We have released the first smart golf club with the King F7 Cobra Connect and that is a huge deal for us and we think a game changer on the driver side.
We have also released the single length irons, the Cobra One, which is massive and I would say overall I feel like there is a lot of incrementalism in golf with this idea that things are a little bit better than they were, but we have launched a couple of products that are complete model changers and we think that is a big deal.
The idea that every shot faster and connected and allowing you to analyse your game to get better; the philosophy behind single length and the consistency that will bring to your game. Those are model changers and not just incremental and really help position the brand.
Has a shift to longer product life cycles helped you focus on more ground breaking products?
I think you have seen across the industry that product life cycles have lengthened and we have extended some to two year programs and in fact, some to a bit more in the case of some of the players irons. We have some annual, some 18 months and some two year plus.
Focusing on the Cobra One Length irons, do you think they have the potential to broaden the appeal of the game and how long do you think it will take for that to happen?
That’s a great question. We have sold in 12 days what we thought we would sell in the whole first quarter and here at Orlando we have been meeting with retailers and talking to them about their pre-sales since we launched the club and it is clear it is a monster.
It is an easy story to communicate, it is basically a bag of 7-irons with different lofts, essentially most player’s favourite club, so ease of use and ease of consistency is the message, and I don’t know how big it is going to be, but I know that whatever the size of the market, we are going to own it because we have Bryson DeChambeau and I am really proud of the team and how fast we have turned that product and got it to market.
If you think about it, we are shaking hands with Bryson the day after The Masters when he turns Pro and here we are nine months later with a TV ad, with demos and trials around the world and we’ve been selling for two weeks now, so I give our team an amazing amount of credit for how quickly we were able to turn that around. It’s great.
My thoughts are for One Length to really break through it would help if one or two more Tour Players started to use the clubs. Is that how you view it?
No. I think it may help and of course if Bryson performs well it will help, but I don’t think it hinges just on that, I think there is a pyramid of influence in our game that is real and obviously Bryson gives us that. But the feedback we are getting from retailers and from golf instructors is that it is a different way to play and it is an easy way to play. You are eliminating variables such as ball position, so I don’t think those benefits are necessarily tied to Tour player exposure.

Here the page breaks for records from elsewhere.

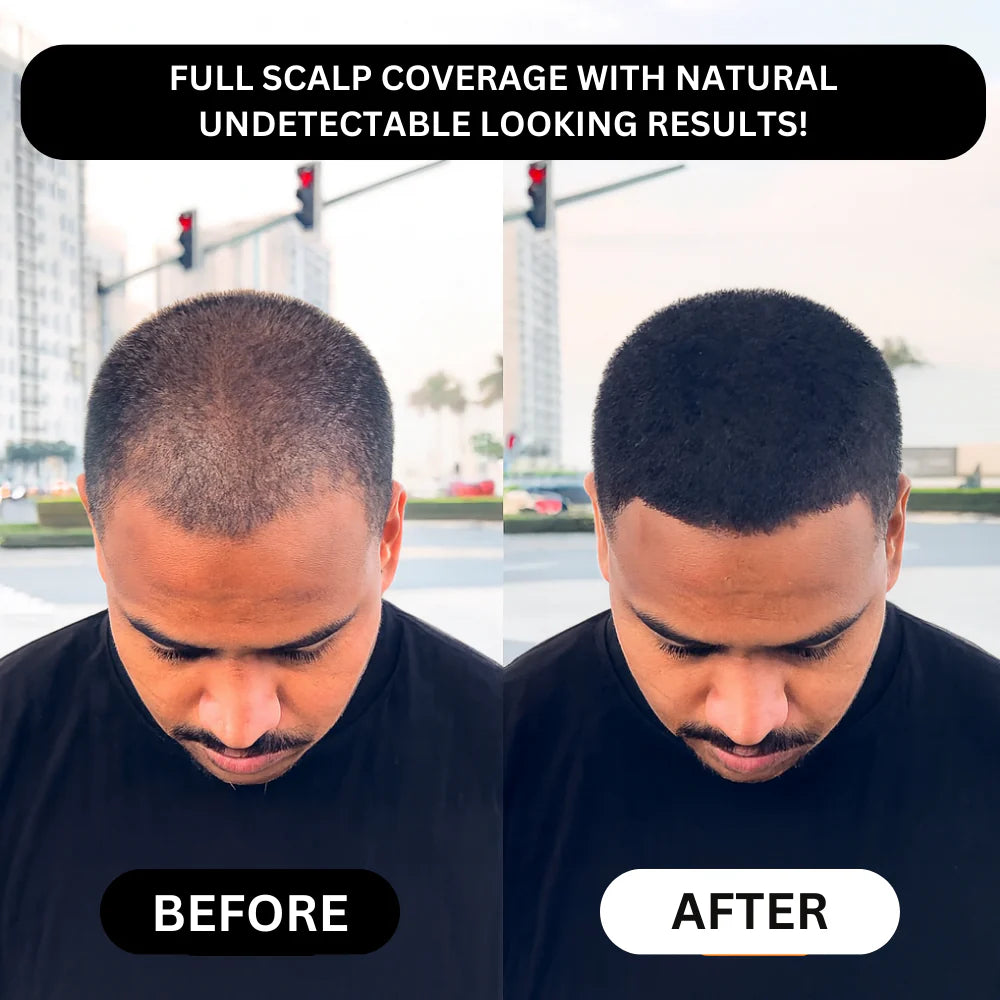 Densifyer™ Hairline Density Filler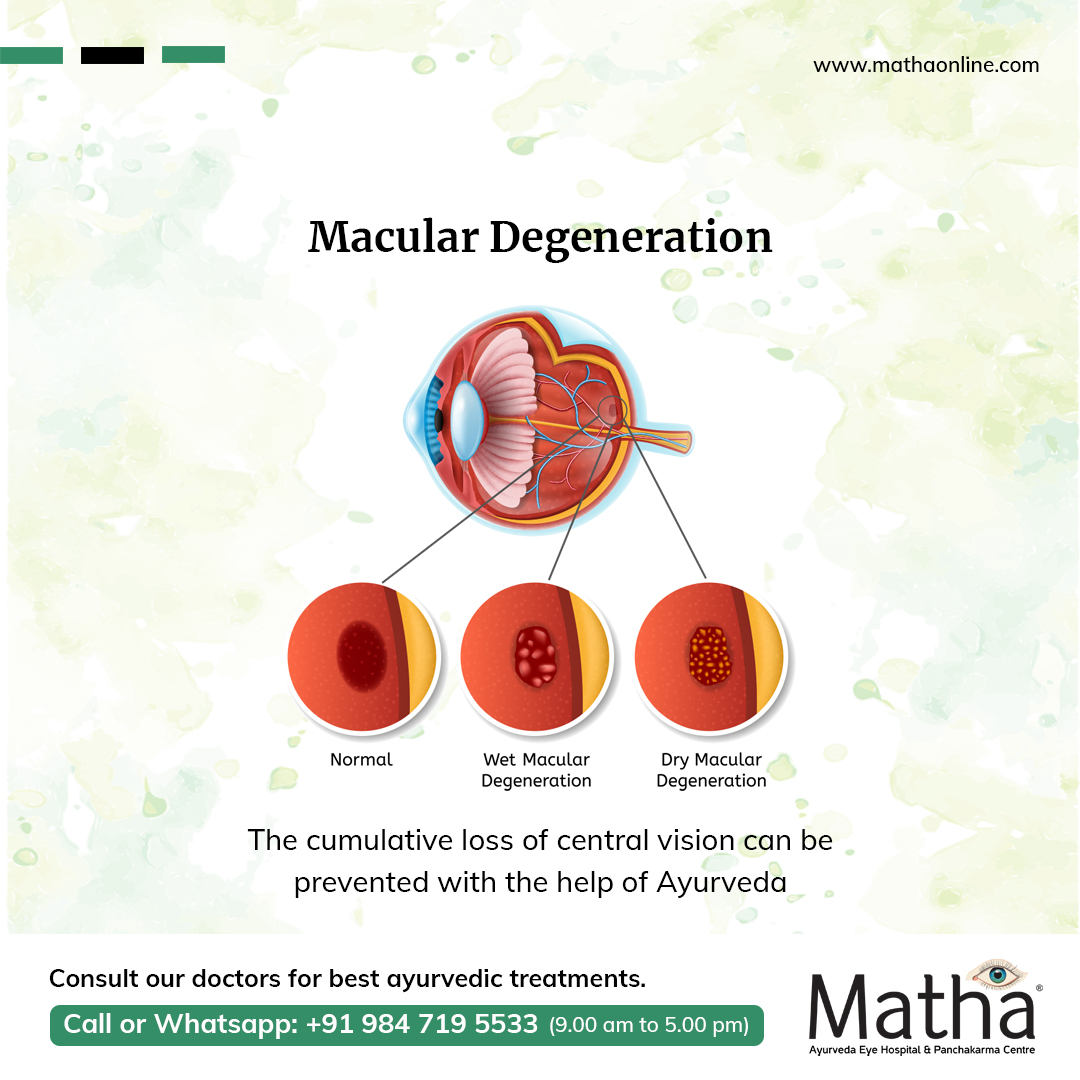 macular degeneration ayurvedic treatment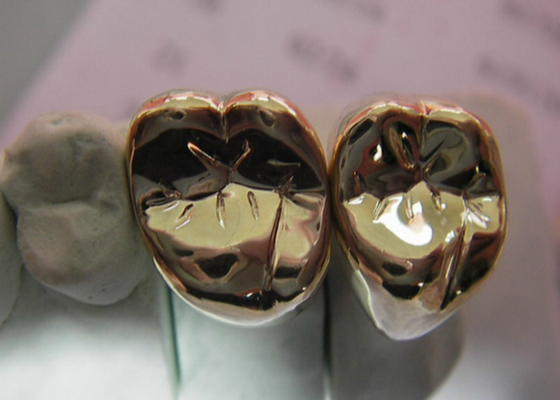 高力FMCの金属の王冠の歯の半貴金属の王冠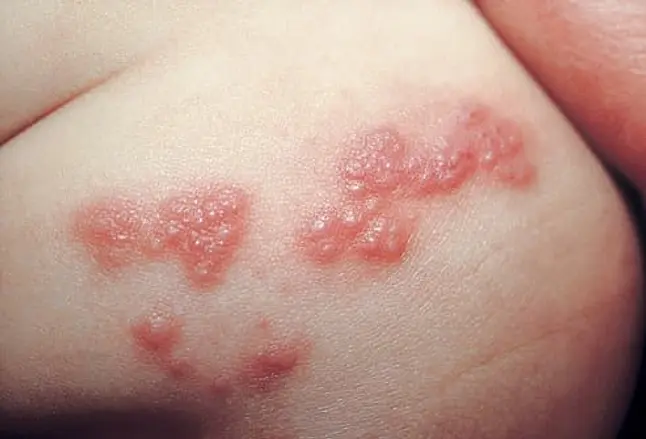 Picture of Herpes Zoster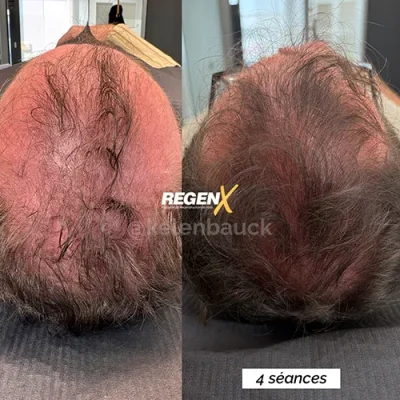 Kelen Bauck - Cabelo B 25-06-2025 FR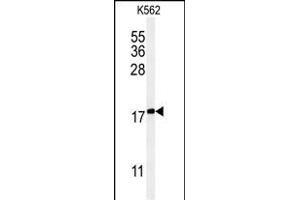 Western blot analysis of KRT1 Antibody (Center) (ABIN651241 and ABIN2840150) in K562 cell line lysates (35 μg/lane). (KRTAP1-1 antibody  (AA 88-117))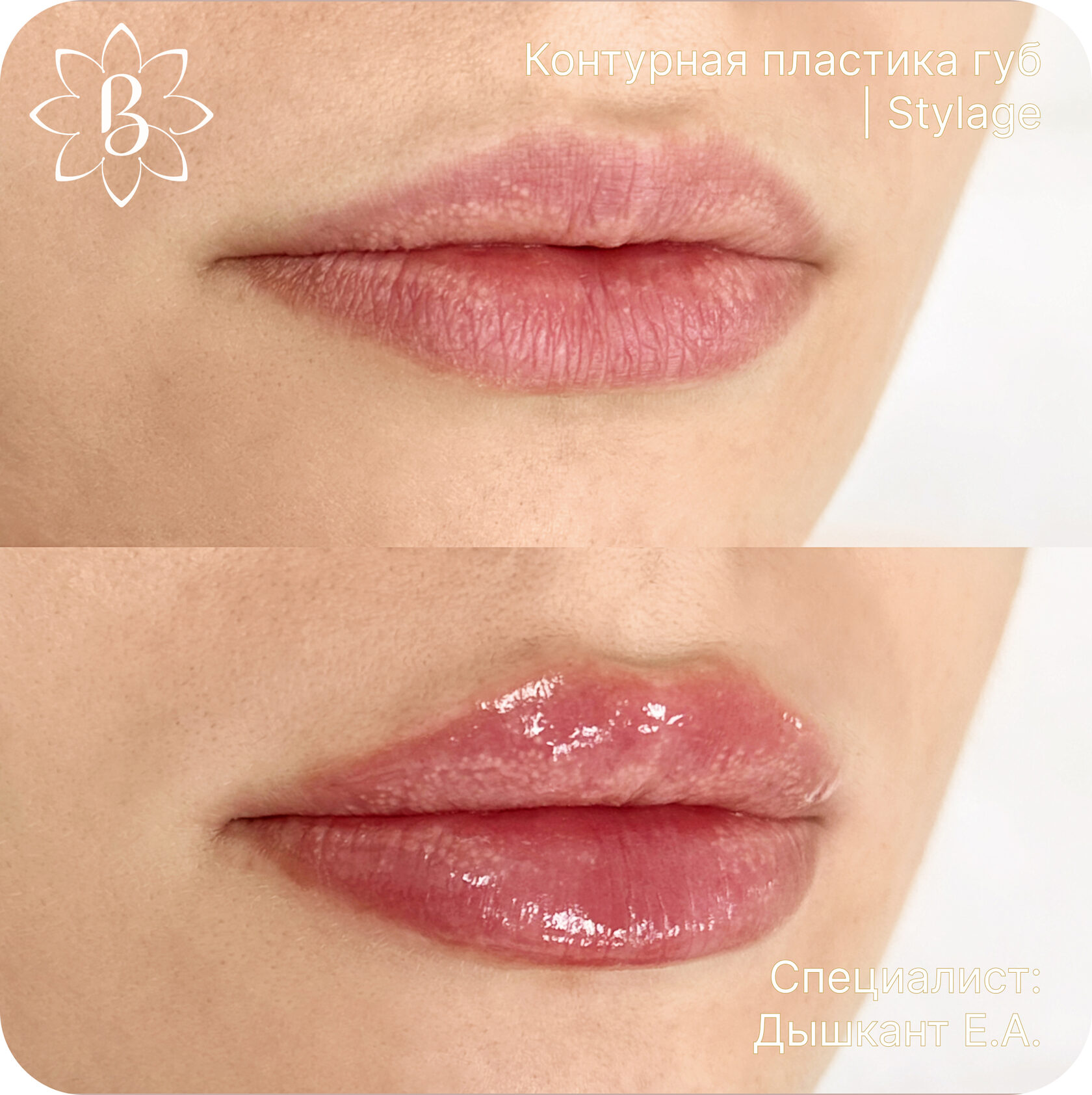 Александритовая лазерная эпиляция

I do think over time, and we have another Tour player who is looking at that concept and thinks within a year that they may switch to that, I think there will be some other players and certainly if you think about it 10 years from now, we are launching this week the King F7 Junior One. If you have a junior that starts down that path they likely would stay with that so in the future you could have a lot of players using one length irons.
Have you had feedback that they are much better for beginners and people taking up the game?

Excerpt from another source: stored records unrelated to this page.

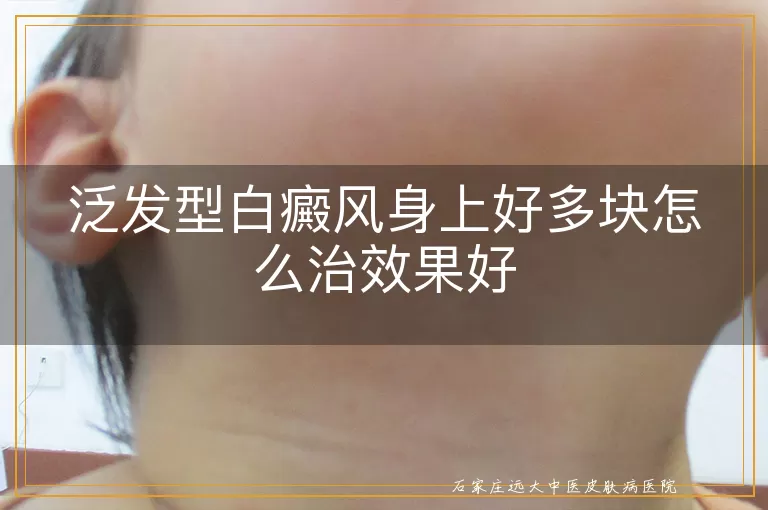 泛发型白癜风身上好多块怎么治效果好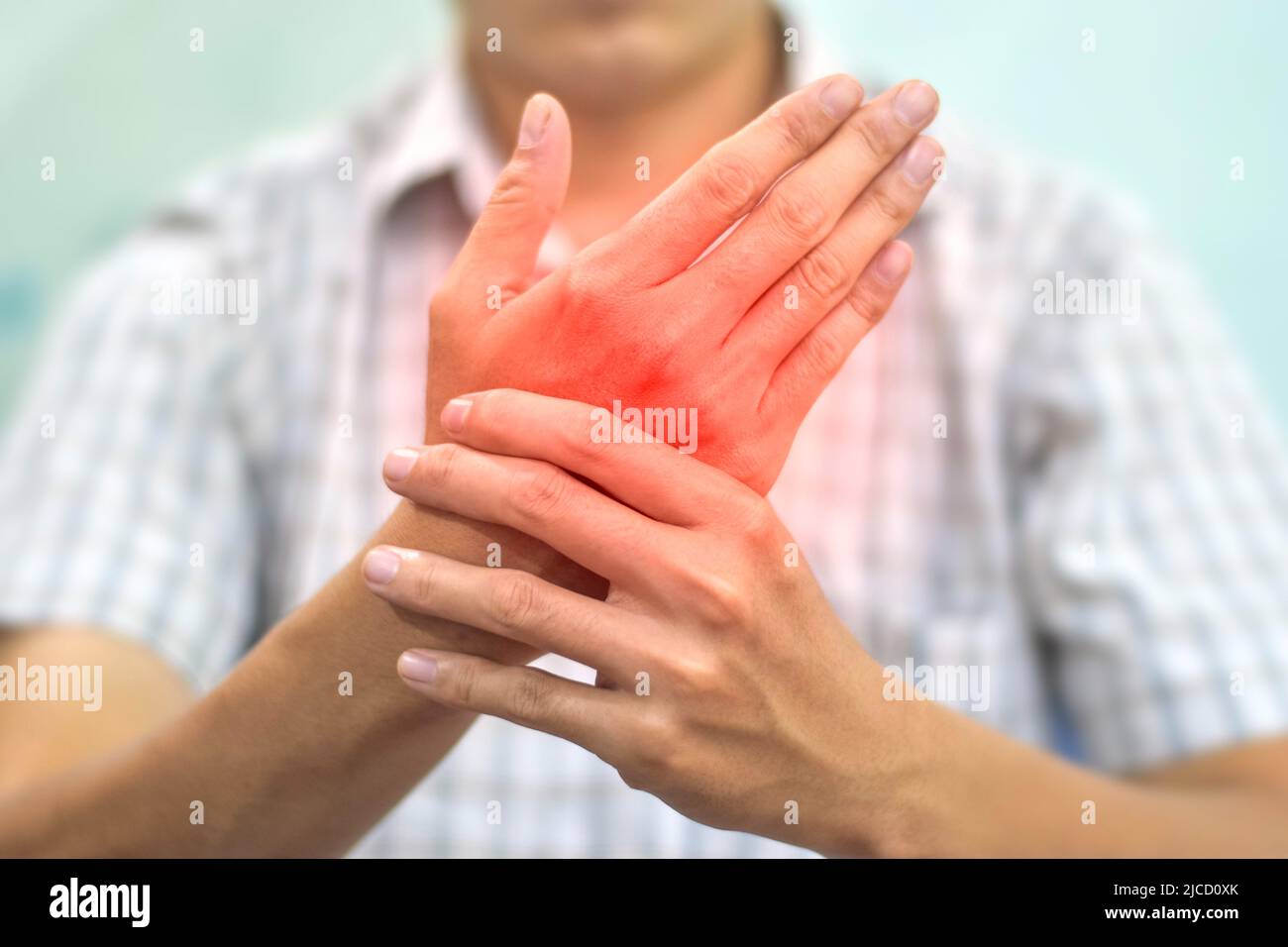 Hand joints inflammation. Concept and idea of rheumatic arthritis, gout, joint swelling or arthralgia. Stock Photo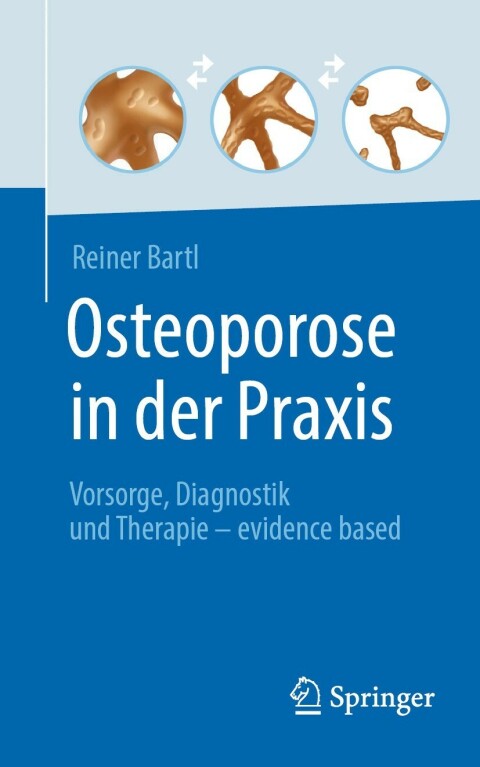Osteoporose in der Praxis 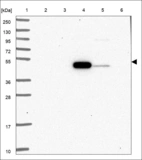 Anti-SYT17 Antibody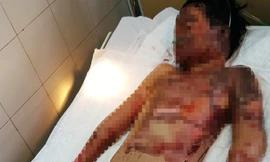 Dùng xăng nướng khoai, học sinh lớp 5 này hiện nguy kịch tính mạng do bỏng nặng.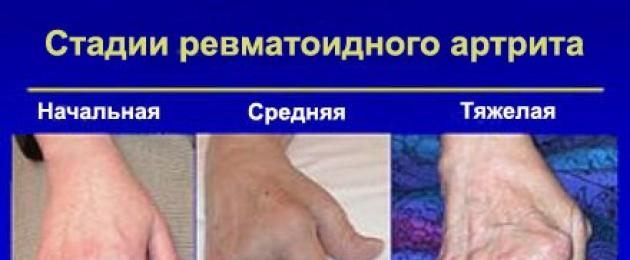 Артрит на пальцах рук. Причины и симптомы возникновения артрита пальцев рук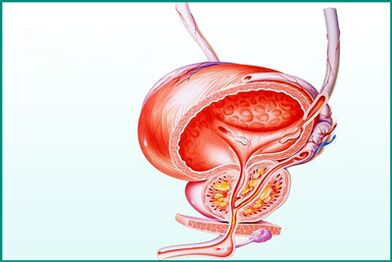 L'inflammation de la prostate dans la prostatite aiguë représente une restriction pendant les rapports sexuels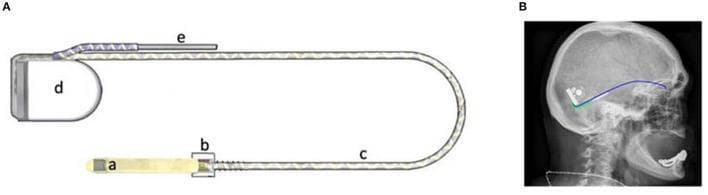 This educational graphic illustrates the components and surgical placement of the Retina Implant Alpha AMS, a subretinal visual prosthesis. Figure A is a schematic diagram showing the device's hardware: (a) a distal polyimide foil containing the CMOS microchip with 1,600 pixel cells for subretinal stimulation; (b) a scleral patch on a ceramic chip for trans-scleral anchoring; (c) a flexible, looped silicone power cable; (d) a retroauricular subdermal ceramic housing containing inductive coupling coils for transdermal power; and (e) a return electrode. Figure B is a lateral skull radiograph demonstrating the clinical positioning of the implant. The radiopaque silicone power cable is seen routed along the skull's curvature beneath the temporal muscle, connecting the orbital implant site to the ceramic housing and return electrode located in the temporal/retroauricular region. This visual highlights the integration of microelectronics with surgical anatomy for restoring vision in patients with outer retinal degeneration, such as retinitis pigmentosa.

Absolutely. I have a 14 and 11 year old and this idea that golf is hard enough as it is, and practice, practice, practice with a 7-iron, to then say that moving to the other clubs it is a little harder because they are longer or shorter than that club. This eliminates all that and you can say keep that same swing and use single length irons as they are all the same length. It is the same ball position, it is the same everything and it makes it much easier.
When I was recruiting Bryson I wanted Greg Norman’s advice on Bryson and the idea of one length irons and how easy it would be and one thing he said really stuck with me which was in his prime he would have tried these clubs. I thought ‘wow’ that is a player who was number 1 in the world for six plus years and for him to say that told me the concept is relevant at that level, and I already know it is super-relevant for beginners and juniors, so I was confident the appeal would be pretty broad.
Do you think you can extend the concept to maybe have single length hybrids and fairways as well?
We are looking at a number of different things. I think it has really sparked a lot of different research within Cobra and ways that we can make the game easier. There are some challenges in some of that and one of the beauties of the one length concept is that the magic isn’t just in cutting the shafts. The magic is in all the technology in the head and what we are doing with the shaft weighting, to still allow for distance gapping, so it has opened up a new world to our R&D team of options for the future.
Moving onto something else I see that the rails are back on the fairways and the hybrids which I think is a great idea. Why did they go away in the first place?
Yes, it’s a great question. The reason it came back is Rickie Fowler. He started working with Butch Harmon on a 5-wood and he was coming into the ball fairly steep and wanting to plane out his swing so we made that product and launched it in the middle of 2016 and the reception was phenomenal.
Rickie is committed to it and it is in his bag and so we felt that the rails are so identified with Cobra, going back to the first baffler in the 1970’s, and now for the first time we are able to move the weight between the two rails so we have just taken it to another level and so far so good.
In the market we have seen Nike stepping away from hardware as well as Adidas looking to sell TaylorMade. At Cobra Puma you are still involved in both markets, so how do you view these developments and how do you see it working moving forward?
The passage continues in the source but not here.